Treat Williams has been a pilot for over 40 years. His love of flying began when his high school football coach, who was holding his ring during a game, lost it, and offered him two free flying lessons in his Super Cub in lieu of payment. Treat accepted and has never looked back. He soloed the the cub in 1969 off a grass strip in New England and in 1973 while a senior in college, he drove a cab, sang in a band, and painted houses to pay for his private license. While working in Grease on Broadway he purchased his first airplane from an Airline Pilot, a Clip Wing Cub for which he paid 3 thousand dollars, and which, when it came up for annual, the mechanic refused to work on. He should have known. Over the next few years Treat gained his instrument, Muti Engine and commercial ratings. After building time in his Cherokee 180 flying coast to coast, he purchased a Seneca which he flew for 20 years.
During that time Treat went on to get his CFI and his Helicopter commercial add on. He has had the privilege to fly with some of the best aerobatic and stunt pilots in LA. He is also lucky to have flown with some of the legends and soon to be legends here , Tony Bill , John Travolta, Barry Schiff to name a few. As for non aviators, he is still recovering from having flown Chris Walken and Robert DeNiro to Cuba for a film festival, most of which he does not remember.
He was particularly honored to fly with the great Art Scholl , in the film, Pursuit of DB Cooper ,Treat and Art tried to destroy Robert Duvall's car with the landing gear of a Stearman, and, a few years later Treat stood on the landing gear of a 172 with no parachute for a fight scene with Art at 3000 feet. (He is not getting this award because he is smart).
During that time he purchased one of the great loves of his flying career, his T6 Texan November 522 Lima Uniform, which he flew for sixteen years.

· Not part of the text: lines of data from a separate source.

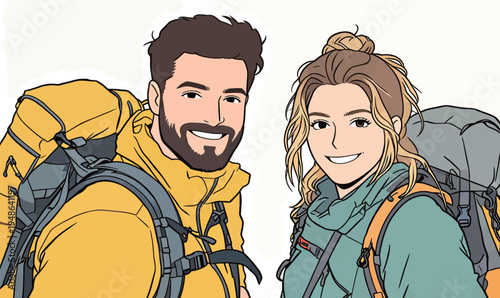 Happy hikers smile before their adventure in the mountains while wearing bright jackets and carrying backpacks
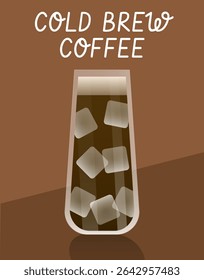 Cold brew coffee vector with ice cubes on dark brown background. Great for coffee-related or modern drink themes.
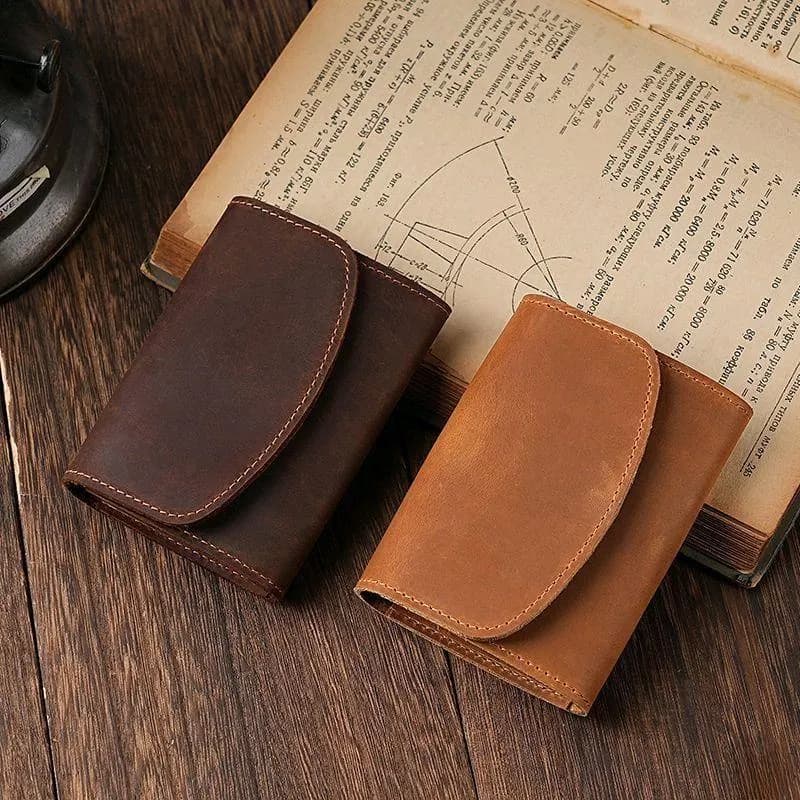 Handmade Crazy Horse Leather Card Holder, Minimalist Vintage Slim Wallet for Men & Women - image 3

For eight years he owned Cineflight, a company that provided aviation services for films and television. For ten years, while living in Park City Utah, he owned and flew a Navajo Chieftain and became type rated in and flew the Cessna Citation. During that time he wrote the children's book, AIRSHOW! as a way to present a child's perspective of the joy of flight.
Mr. Williams now lives in a small town in Vermont with his wife and two children, two dogs, and eighteen chickens. He continues to fly regularly and now, after more than ten thousand hours in the cockpit, his greatest pleasure when not making films is to fly a Piper Cub ... off of a grass strip...in New England.
He is proud to be recognized by Kiddie Hawk for this great honor and to be in the company of such an extraordinary group of people.